This will produce a number of files in ~/tmp, named after the script with the grid-engine job ID in the name, that list the output from each job. If you want to run program using a set of input files, you can name them file1 through file100 and use the following in place of echo:

myprogram < file$SGE_TASK_ID

If you prefer to use a command-line argument to tell which instance of the job you are running (perhaps seeding a random-number generator), you can pass the task ID on the command line:

myprogram $SGI_TASK_ID

The Sun Grid Engine scheduler will release each job as resources become available. The jobs will not be able to communicate with each other via either shared memory or MPI, and the jobs must not use multiple threads. If you want to use multiple threads, see the section below on running shared-memory parallel jobs. If you want to run 500 jobs, then you replace 1-10 with 1-500 above and use -tc 100 to limit grid engine to only running 100 jobs at a time.

Wei Liu has provided a helper script that will create a script to run a batch job.
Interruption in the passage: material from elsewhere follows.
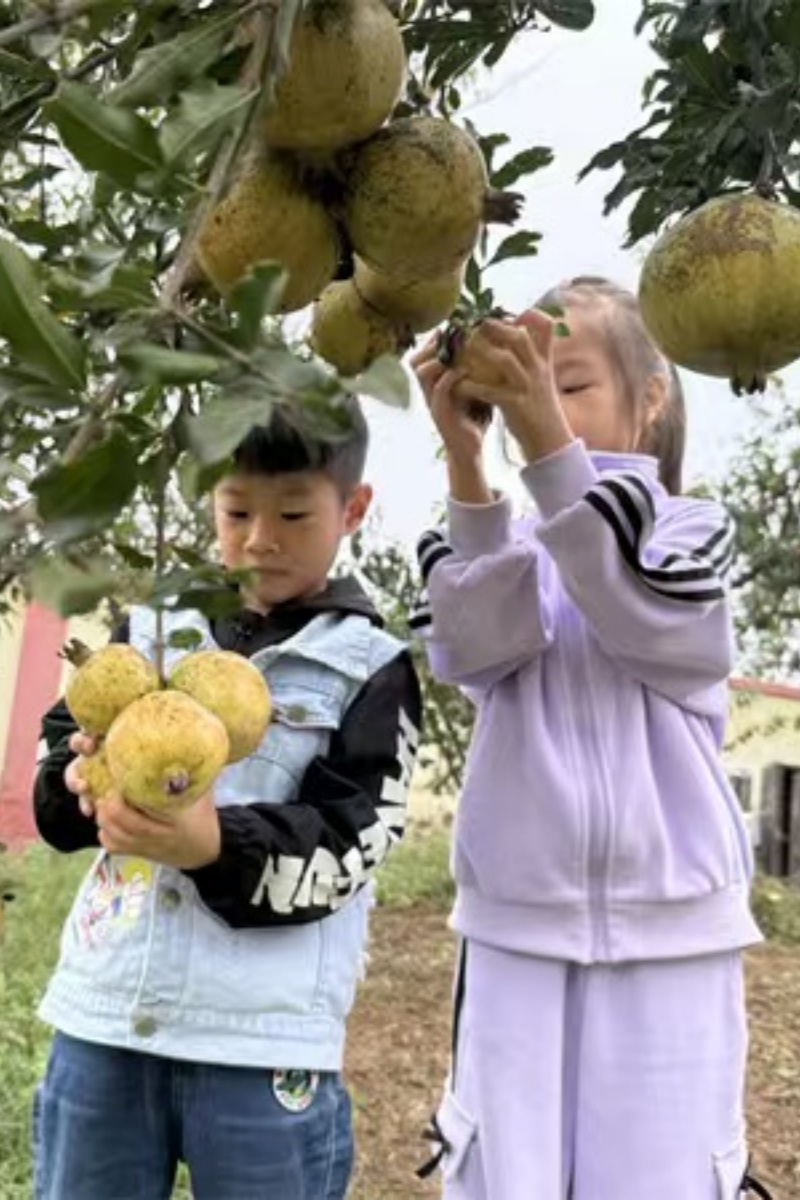 诗情画意，童趣采摘——江苏省徐州市铜山区刘集镇东风幼儿园关工委举办采摘活动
You can find it at File:Config.zip.

Note: If you submit a large number of jobs using a script that runs qsub multiple times (using Wei Liu's example or your own), you need to either run these jobs in the background (see below) or make sure that you limit the scripts to submit no more than 100 jobs at the same time. The -tc option to qsub takes care of this for you if you use the example script above.

Available queues

These are the queues available for user job submission on the machine. You normally select which queue to run on by requesting resources, rather than explicitly listing a queue.

  • background.q : This queue can only be used for single-processor or shared-memory jobs, but it does not accrue usage against your group. Jobs in the background queue run when there is not another job scheduled on a particular slot. They are stopped and re-started when other jobs are run on a node. Consider using this queue when you have a large number of sequential jobs -- it will keep the machine full without blocking regular jobs from running.
  • comp.q : The default CPU queue with 15 16-way shared-memory CPUs each with 32GB of RAM. This is where groups of single-processor jobs should normally be submitted.
  • himem.q : A 16-way shared-memory node with 128GB of RAM.
  • gpu.q : A queue with the same number of slots as there are GPUs on that node. This is currently 4 per node.
  • gpu1.q : A queue with one slot per GPU node, no matter how many GPUs are on that node. Jobs will be allocated in a round-robin fashion on this queue.
  • gpucomp.q : The graphics-processor queue (actually, the CPUs associated with this queue). CPU jobs should not normally be submitted to this queue.
  • all.q : All of the above processors. Special permission is required to submit to this queue.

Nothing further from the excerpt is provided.